Monday, August 30, 2010

my notebook, page 1

ok, this is not rocket science and i learn over and over again that i need to use my resources wisely, instead of trying to recreate the wheel. while some of my lessons are damn original, while some of my practices are cool, i am part of a body of intelligent, sentient beings who try daily to connect with their students, and i am not a genius, or a pioneer. anyway, one practice i want to persist at this year, to see how it affects my organization and my students', is to keep a master notebook, which contains all classwork, vocabulary lists, free writes, basically anything the students write... i'll write too. many teachers have done this before and it will be a challenge for me to really keep up daily... to do each free-write and assignment before them, to know how it feels to do the work, and to be able to estimate the amount of time that it will take them in a more accurate way. our periods have been cut short this year, so every minute counts and i don't want to waste them.

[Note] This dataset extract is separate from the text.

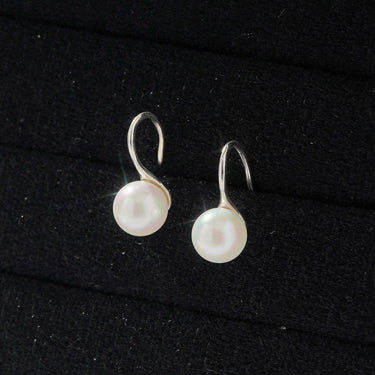 Minimalist Pearl Earrings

I also want to be clear about my expectations this year, and their notebooks were not up to par last year. I want to see if me modeling this notebook will help them keep up with and organize their work.

here is my intro page for the notebook (which i won't really advertise, we'll see if they read it):

Hey there. This is Lauren, one of your ELA teachers. This is my fall 2010 notebook. Everything you do for my class in your notebook, I will also do in this one. I am doing this because I want to show you that I'm invested in the work I give to you. I also want to be clear about my expectations of your notebook work, so I will show you here what I expect. Please know that the freewrites will be different, because that's your writing time to focus on what you think, believe, dream or draw. i'm going to try to keep up, but there will be times when I might ask for your help, too. We can help each other become more organized. I 'll be the first to admit that I need some help sometimes.

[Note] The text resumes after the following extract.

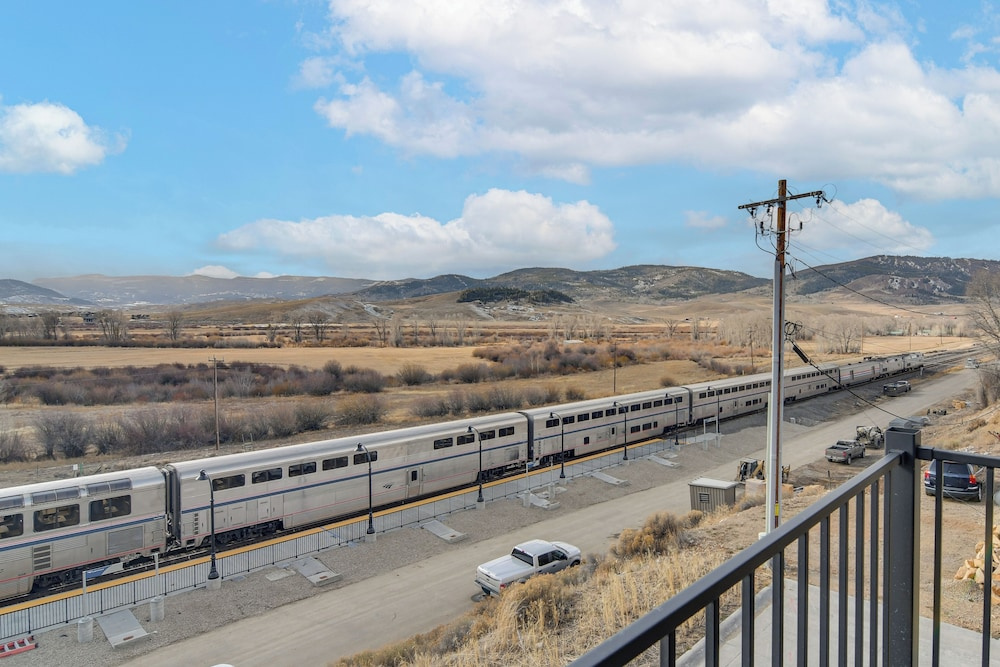 4 Mi to Granby Ranch: Gem w/ Balcony & Mtn Views!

So yeah, come look for this notebook if you're absent, to figure out what you missed, and please let me know if i'm missing anything. I'm going to try and record all freewrites, class activities, brainstorms, graphic organizers and grammar lessons/practice here. I'm so looking forward to learning with you, class of 2014! Love, Lauren


if only i could revamp my personal life the way i am my new classroom. i am chanting like crazy and praying for patience. i will need it, but life is beautiful and everything is perfect.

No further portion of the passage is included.